■ **Work to be completed**
Please make an exact copy of the lines from the one holding "In this video" through the end of the data, both ends included, with no pictures.

■ **Material provided**
•••••
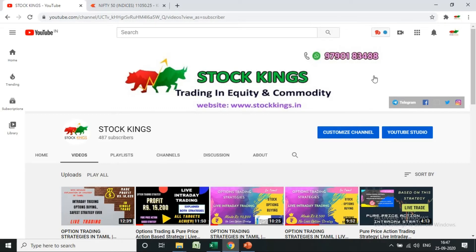Welcome back to our Stockings YouTube channel. Today we are going to see an indicator which is very much advanced — the Psychological Line indicator. It is used by many traders like FIIs and DIIs and mutual funds, so it is a very effective and simple indicator.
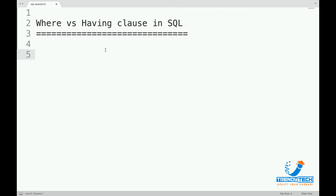Hello friends, welcome again. This is session 12 in the SQL series and in this session we will talk about the difference between WHERE and HAVING clause in SQL — a very important question even from an interview point of view. So let us start.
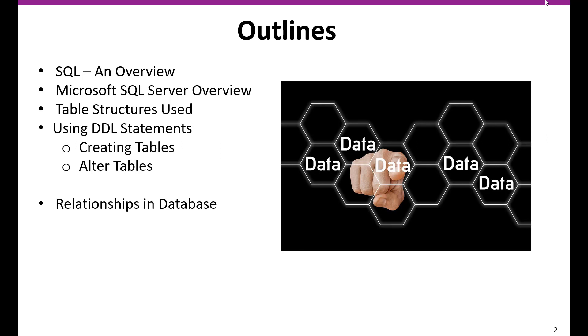And then we are going to look at the table structure, how that is going to be used. Then we are going to look into the data definition language statements. In that we are going to cover how to create tables, how to alter the tables. And then we are going to look into relationship between these tables and databases.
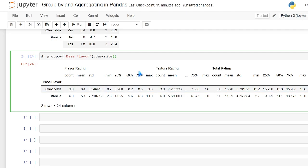So that is our group by and aggregate functions within pandas. I hope that that was helpful. I hope that you understood everything that we were working on. If you liked this video, be sure to like and subscribe and check out all my other videos on Python, as well as pandas. I will see you in the next video.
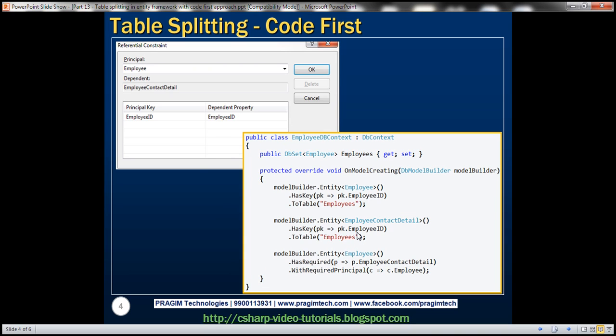Okay, and the last line here is establishing the referential constraint. In Part 12, we have seen how to do that using the designer. Notice that we have specified the principal is Employee and the dependent is EmployeeContactDetail. And the same thing if we have to do it in code, we use HasRequired and WithRequiredPrincipal properties.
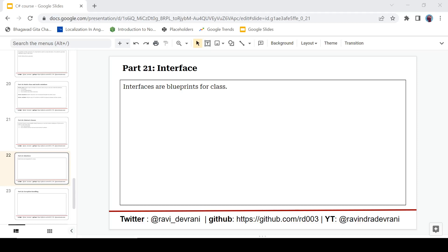In this video we are continuing the C-Sharp tutorial series and today's topic is interface in C-Sharp. So let's get started without any delay.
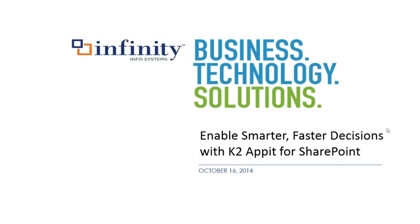The broadcast is now starting. All attendees are in listen only mode. Good afternoon everybody and welcome to our webinar.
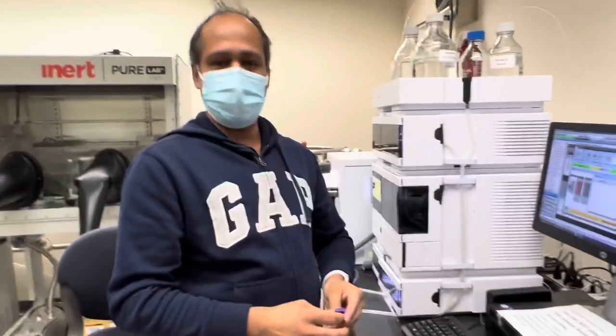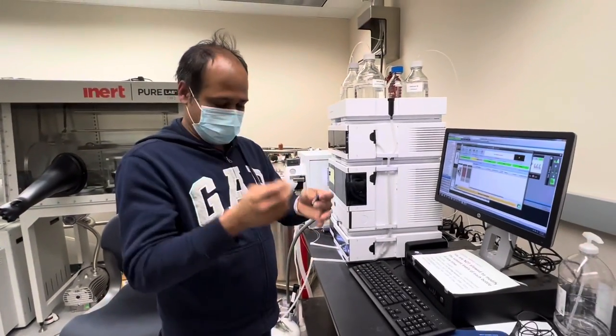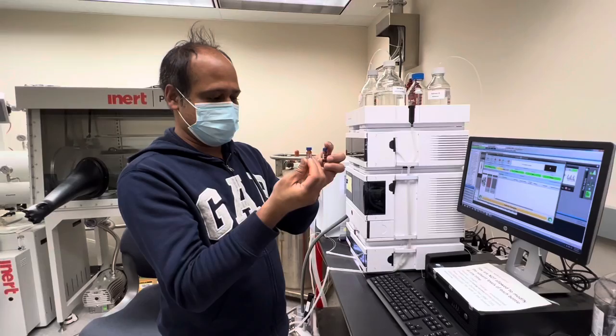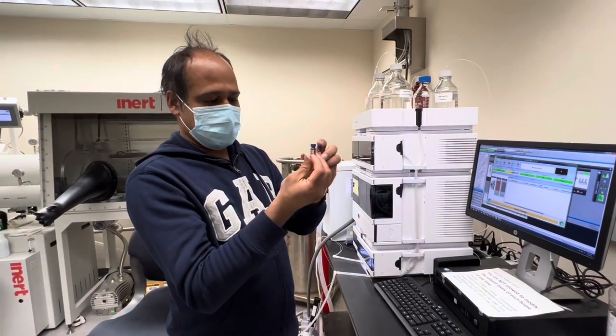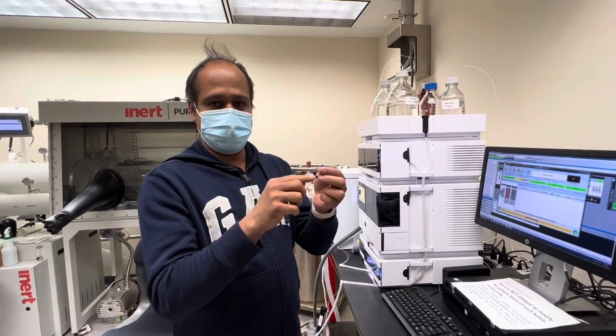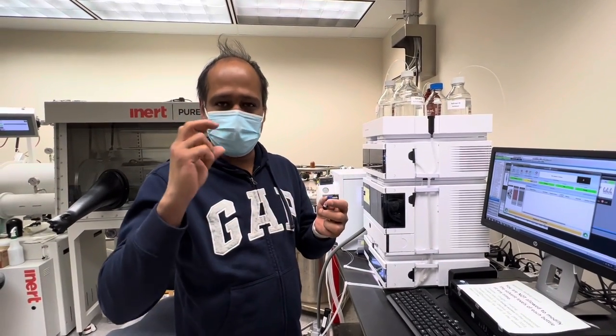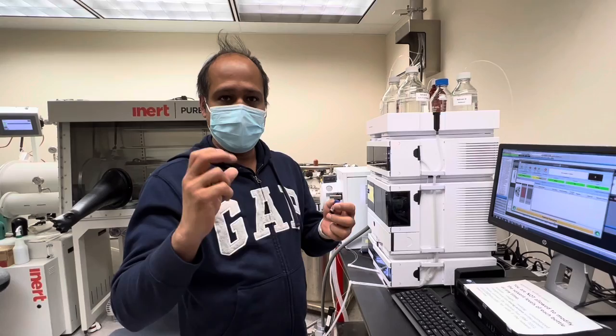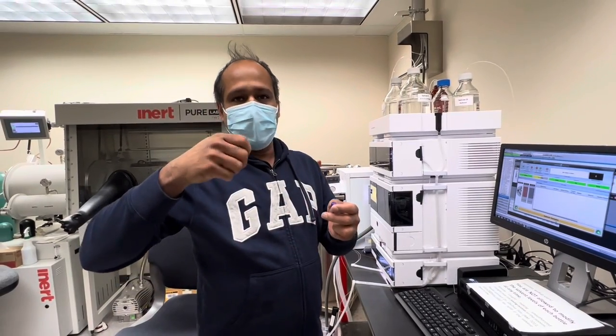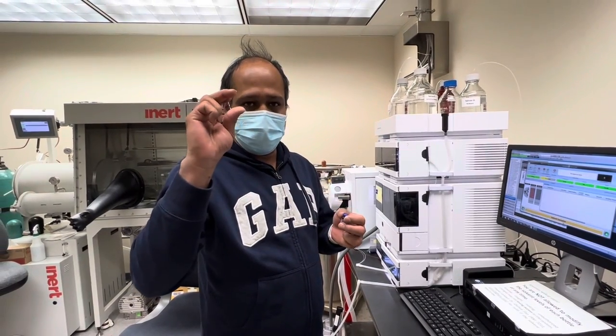So now we are going to do the LC-MS thing. Suppose you made the sample, you dissolve the sample in HPLC grade methanol and then you have to take it with a syringe.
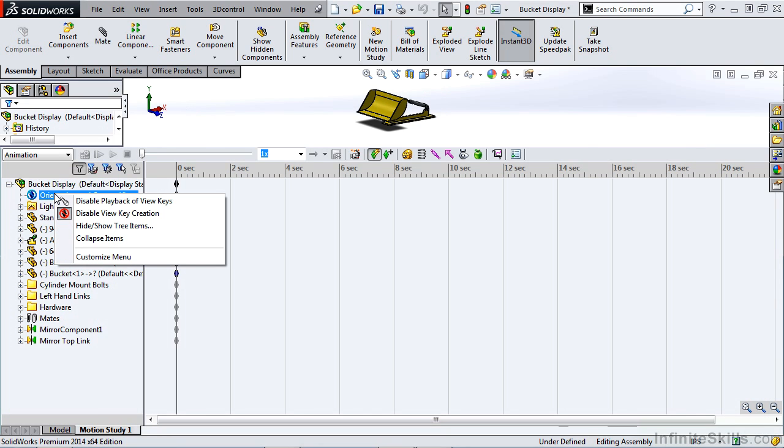By right-clicking on this area, you see that Disable View Key Creation is depressed. That means that any changes we make to the orientation of the model in space relative to our viewpoint is not going to be recorded.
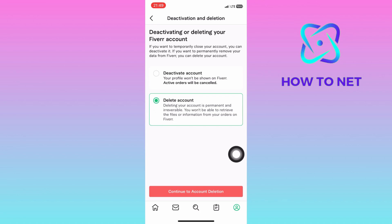When you choose to delete permanently, your account data, media, and messages will get erased permanently and this option can't be undone. That's how easy it is to permanently delete your Fiverr account.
•••••
■ **Output for this task**
In this video we are continuing the C-Sharp tutorial series and today's topic is interface in C-Sharp. So let's get started without any delay.
The broadcast is now starting. All attendees are in listen only mode. Good afternoon everybody and welcome to our webinar.
So now we are going to do the LC-MS thing. Suppose you made the sample, you dissolve the sample in HPLC grade methanol and then you have to take it with a syringe.
By right-clicking on this area, you see that Disable View Key Creation is depressed. That means that any changes we make to the orientation of the model in space relative to our viewpoint is not going to be recorded.
When you choose to delete permanently, your account data, media, and messages will get erased permanently and this option can't be undone. That's how easy it is to permanently delete your Fiverr account.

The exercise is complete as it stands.